2004 • La T2A : nouveau système de financement pour un nouveau départ
La dotation globale a vingt ans. Loin d’être parfait, on lui reproche notamment de pénaliser les établissements les plus dynamiques en matière d’activité comme de recherche, ou encore de fragiliser l’investissement. Dans ce contexte et à l’occasion des Assises hospitalo-universitaires qui se tiennent à Nice en mars 2003, les directeurs généraux, les présidents de CME et les doyens proposent la relance de l’investissement hospitalier ainsi qu’un nouveau système de financement reposant sur l’activité médicale du CHU. L’année suivante, la tarification à l’activité est instaurée. Cette évolution induit une implication plus forte des médecins dans la gestion. Elle est aussi synonyme pour les CHU d’entrée dans l’ère du management via la création de pôles d’activité, de recherche de la performance et d’engagement d’une politique de qualité (certifiée par la nouvelle Haute Autorité de Santé).
2007 • Le plan Hôpital prend de l’élan
Lancé en réalité dès 2002, le Plan hôpital 2007 est celui de la relance de l’investissement hospitalier. Il va aussi favoriser la montée en puissance de la tarification à l’activité et de la recherche.
Évolution de l’activité des CHU en 10 ans (2005 • 2015)
personnes accueillies en services d’urgences
personnes hospitalisées en moins de 24h
personnes hospitalisées en court séjour
séjours d’accouchements
consultations
2017 • Vers une révolution territoriale et numérique
Rattaché à une métropole et à l’une des treize nouvelles grandes régions de France, le CHU ancre désormais son activité à un groupe hospitalier territorial (GHT). Il s’inscrit dans une dynamique collective. « En partageant ses compétences, le CHU contribue à une répartition plus équitable de l’offre de soin sur tout le territoire. Le GHT, c’est un pas de plus dans l’égalité d’accès aux soins de qualité sur tout le territoire », affirme Jean-Pierre Dewitte, alors président de la Conférence des directeurs généraux de CHU.
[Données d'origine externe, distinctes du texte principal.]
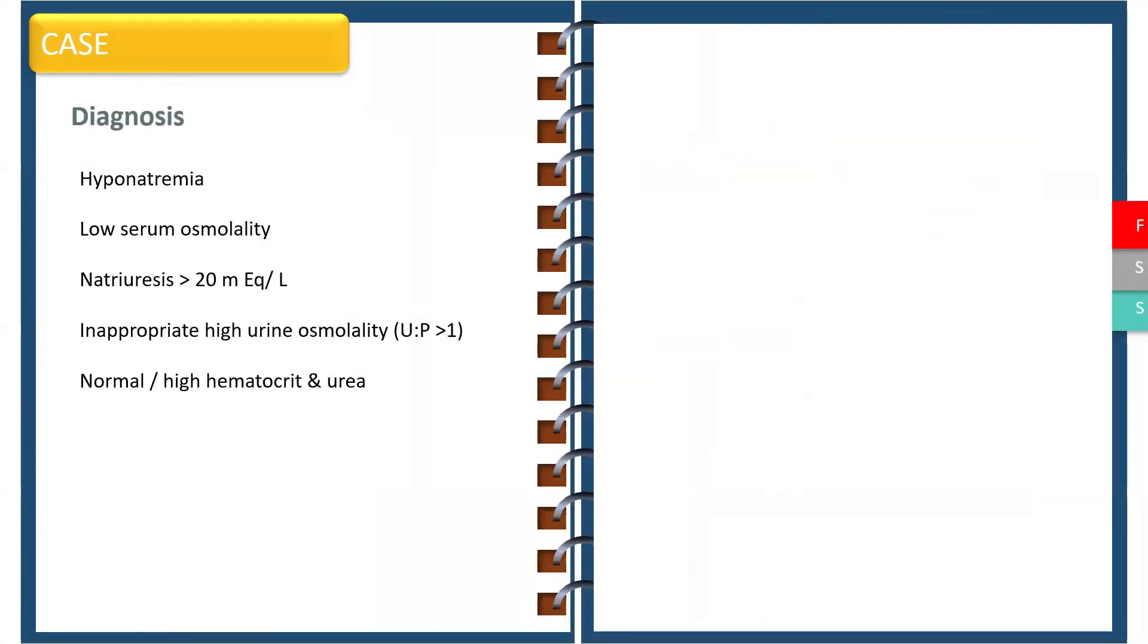For the diagnosis you need hyponatremia, low serum osmolality, natriuresis, and inappropriately high urine osmolality with a normal or high hematocrit or urea.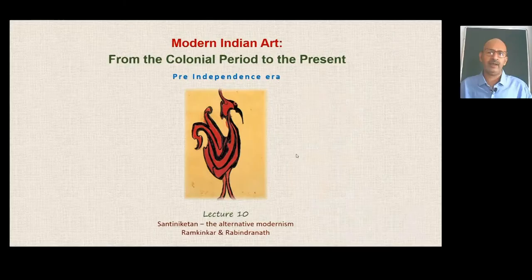Welcome to this MOOC online course on modern Indian art from the colonial period to the present. This is the 10th lecture in this course and the fifth one from the second week. We will be looking at two distinctively different artists — Ramkinkar Baij and Rabindranath Tagore — but both of them are integrally connected to Shantiniketan. Shantiniketan was Rabindranath Tagore's brainchild, and Ramkinkar was one of the early products of Shantiniketan and specifically Kala Bhavan, the finest institute of Shantiniketan.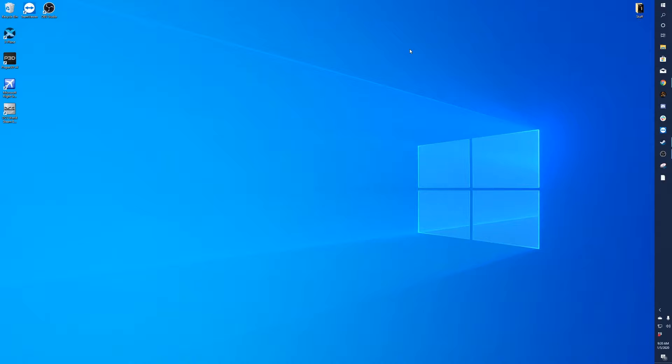Hello everyone, Zach here from Real Sim Gear. Today we will be going over the installation process for FSX Steam Edition on Windows 10.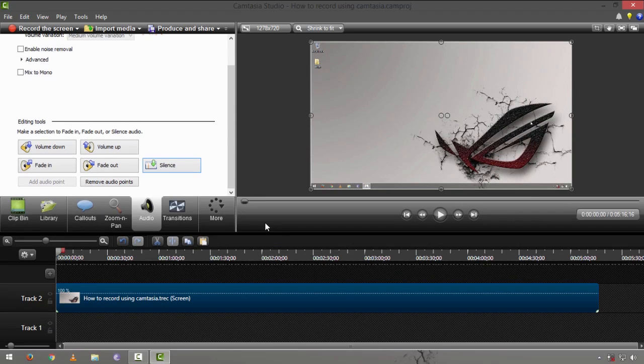Hey what's up guys, thanks for checking back TechPH. In this video tutorial I'm going to quickly show you how you can use the zoom and pan feature on Camtasia Studio.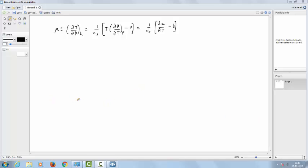In this video we want to show you that the Joule-Thomson coefficient, which is defined as the partial derivative of temperature with respect to pressure at constant enthalpy H, is equal to 1 over CP within brackets: T multiplied by the partial derivative of volume with respect to temperature at constant pressure, minus V.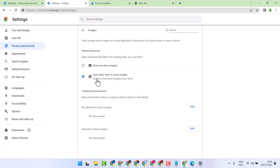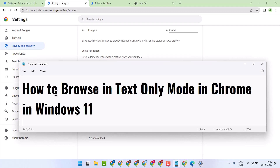Here you need to select 'Don't allow sites to show images.' Features that need images won't work. In this way you can browse in text only mode in Google Chrome. Thanks for watching.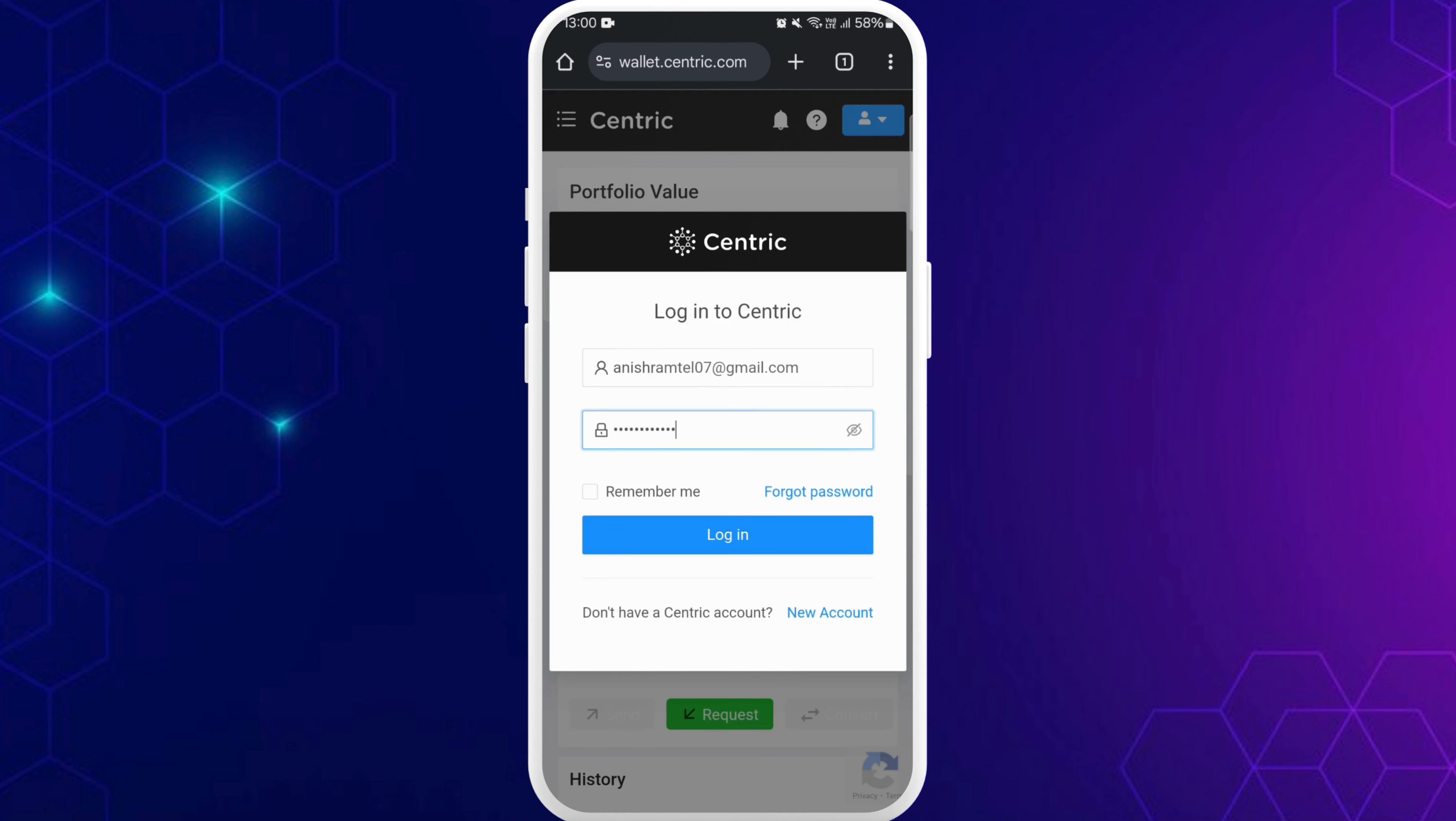If you have forgotten your password, right below that, you can see the forgot password link. You can just tap on it to recover your password.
De plus, alors que les durées de séjour sont de plus en plus courtes et que l’ambulatoire représente plus de 40% des actes de chirurgie, la médecine hospitalière entre dans une révolution digitale.
2020 • Le Ségur au temps du Covid
Dans un contexte de crise marqué par la pandémie de Covid-19, les hôpitaux français, déjà sous tensions et en manque de moyens, se retrouvent encore plus en difficultés. Face à un mécontentement général, le gouvernement d’Edouard Philippe lance le Ségur de la santé. Réunissant plus de trois-cents participants, des représentants syndicaux aux collectifs de soignants, ce dernier a pour objectif de revaloriser les personnels soignant, notamment les infirmiers sont parmi ceux à voir le plus bas salaire des pays de l’OCDE. Trente-trois nouvelles mesures sont annoncées dont la réduction progressive de la T2A, le recrutement de 15 000 agents à l’hôpital public, 8.2 milliards d’euros par an pour revaloriser les métiers des établissements de santé et des EHPAD, et reconnaître l’engagement des soignants en France.
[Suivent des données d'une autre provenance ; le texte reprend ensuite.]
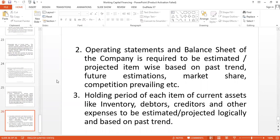Also consider the holding period of current assets, like inventory. We know how to calculate days sales outstanding. As a credit manager or as a member of a credit committee, you have to take a well-informed decision.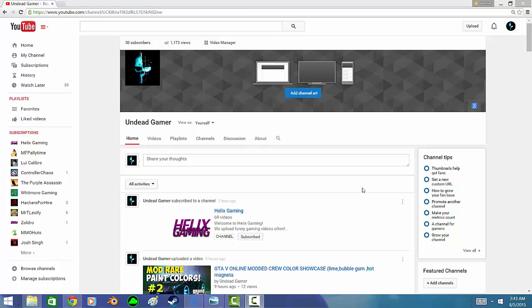What's up ladies and gentlemen, it's Undead Gamer here and today I'm going to show you guys how to change your YouTube name if you don't like it.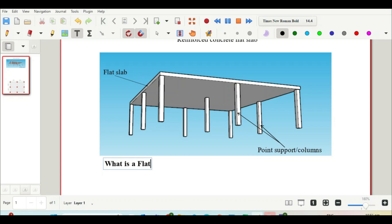So let us write it down. A flat slab — bearing in mind we are dealing with a reinforced concrete flat slab — is a slab which is supported by point supports or columns instead of line loads such as beams or other types of line loads.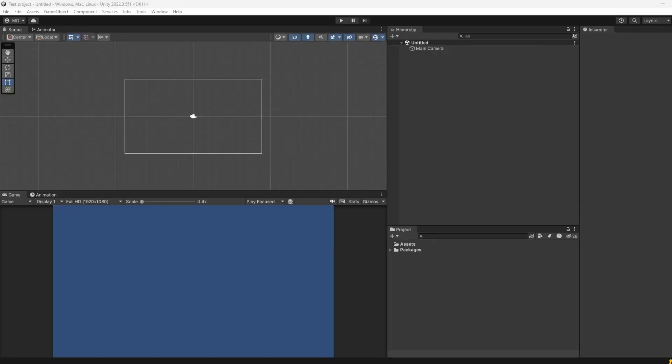First things first, here we have the most empty project that you can have in Unity. It has nothing, not even a scene. I removed it, but it does the job for what we are about to do.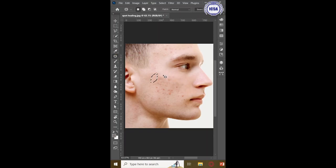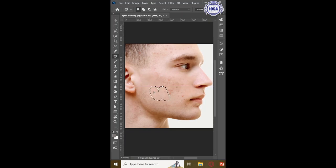Now, simply alternate between using the Spot Healing Brush tool and Patch tool to retouch your image. Repeat the same process throughout the whole image.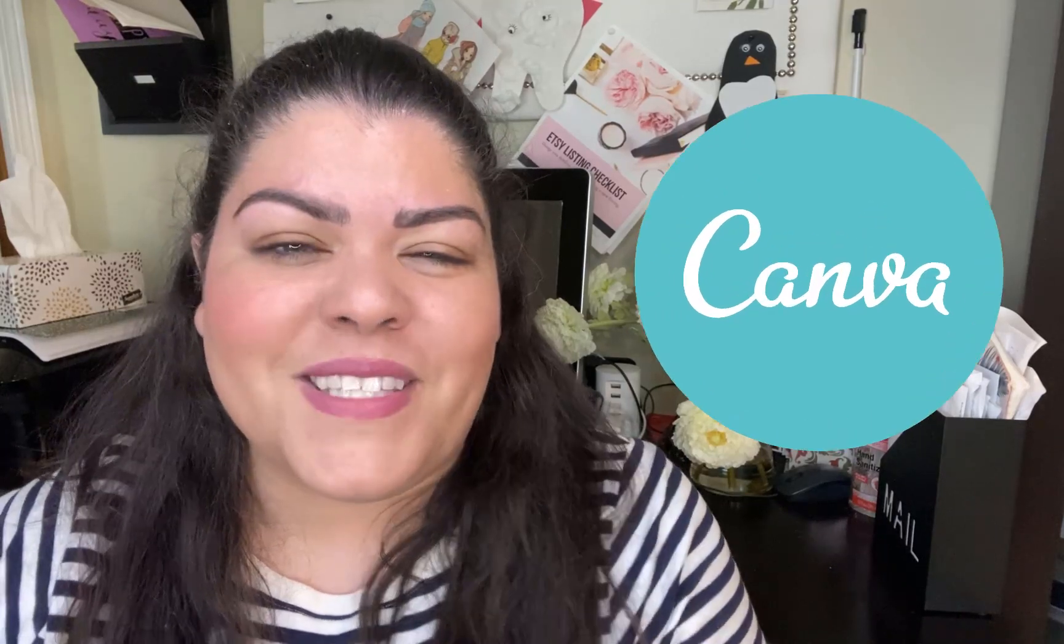Welcome back to my YouTube channel. In today's video, I'm going to show you how to share, download, present, and publish your designs from Canva. So make sure that you watch all the way till the end.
En 2021, les crédits d’investissement annoncés par l’Etat dans le cadre du Ségur sont fléchés à hauteur de 35% sur les CHU. Malgré ces efforts, des voix continuent de s’élever, les jugeant insuffisants.
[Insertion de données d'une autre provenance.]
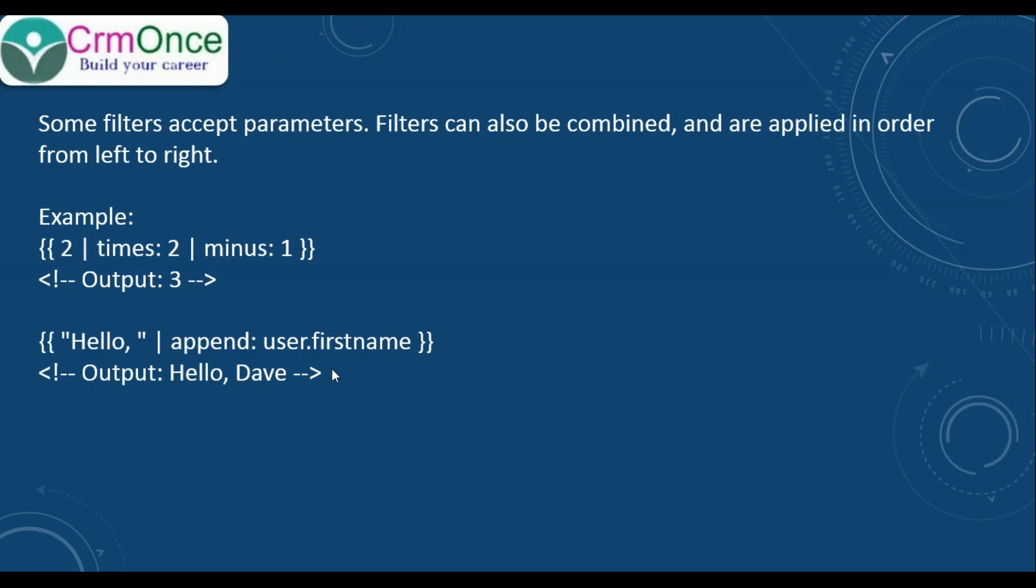So in total, we have liquid templates with objects, tags, and filters. All liquid statements are categorized into these three types. Let's see how we can write code in liquid templates, where we can write it, and how it is configured in a web page.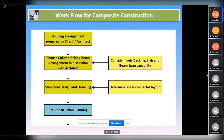This is the basic workflow for any composite or PEB construction. The architect does the layout first, and when framing the plan, they need to know whether the construction is steel-based, concrete-based, or timber. Each material has a different architectural layout: timber columns are closer together, concrete is farther apart, and steel can achieve a huge column-free space. The architect then chooses column grids in discussion with the consultant and client based on the type of material.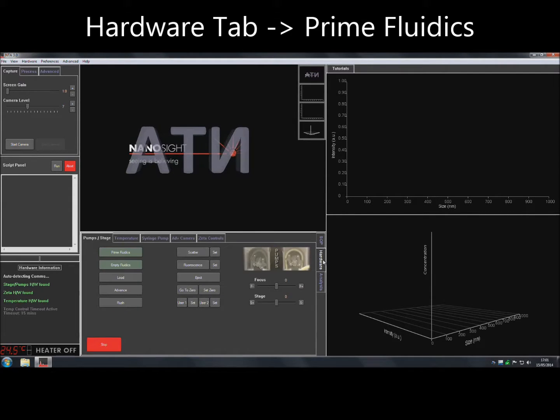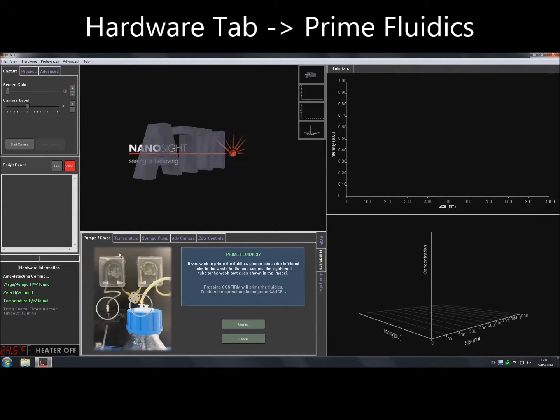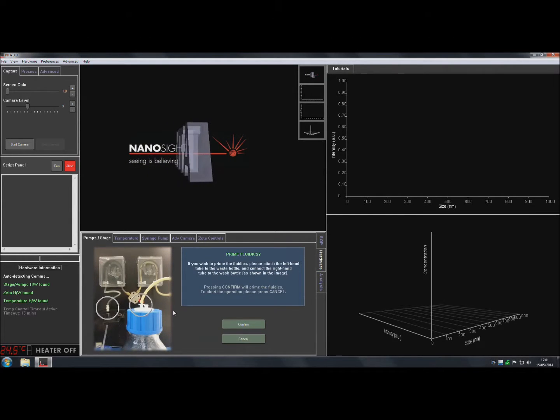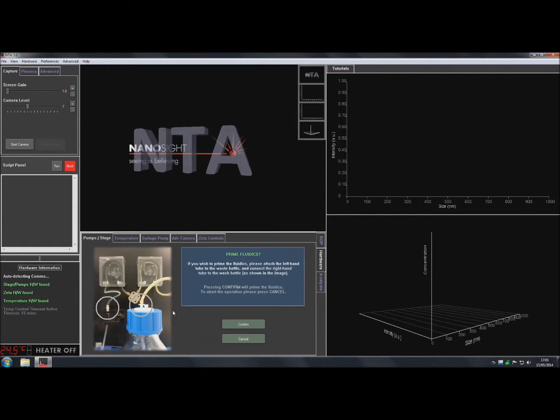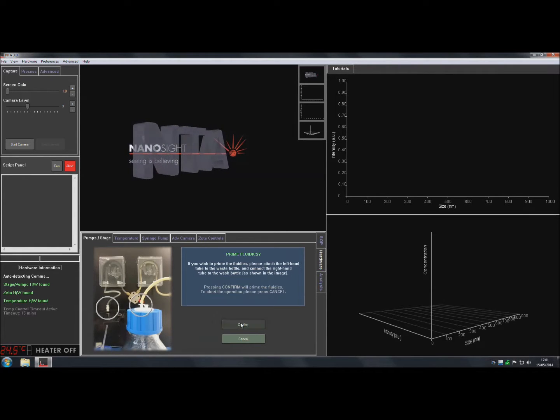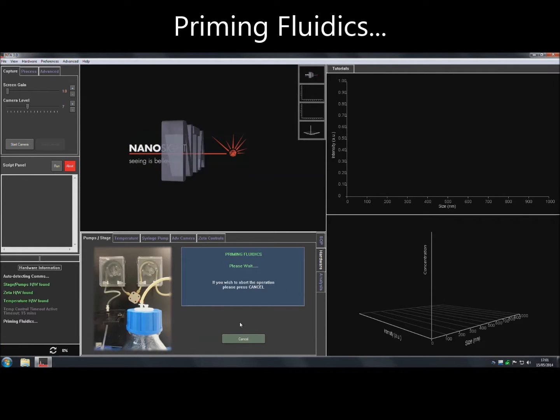Navigate to the Hardware tab at the bottom of the main screen. Select the Pump Stage tab and click on Prime Fluidics. The image shows how the tubing should be connected prior to clicking OK. Prime Fluidics is used to fill the tubing at a slow speed to ensure that pressure buildup inside the gasket is kept to a minimum.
2021 • Le CHU, modèle d’excellence et incontournable
Lors des Assises hospitalo-universitaires qui se tiennent à Lille en décembre 2021, le ministre des solidarités et de la santé Olivier Véran défend le système hospitalo-universitaire, « capable de fonctionner sur les deux pieds, le pied « H » qui permet d’adapter l’organisation hospitalière et le pied « U » qui permet de produire des recommandations adaptées aux circonstances très rapidement. » Et de résumer que le modèle d’excellence du CHU de 1958 reste un « outil puissamment moderne, flexible et réactif ».
Conseil de lecture : Le CHU, l’hôpital de tous les défis, éditions Privat, 2008, 304 p.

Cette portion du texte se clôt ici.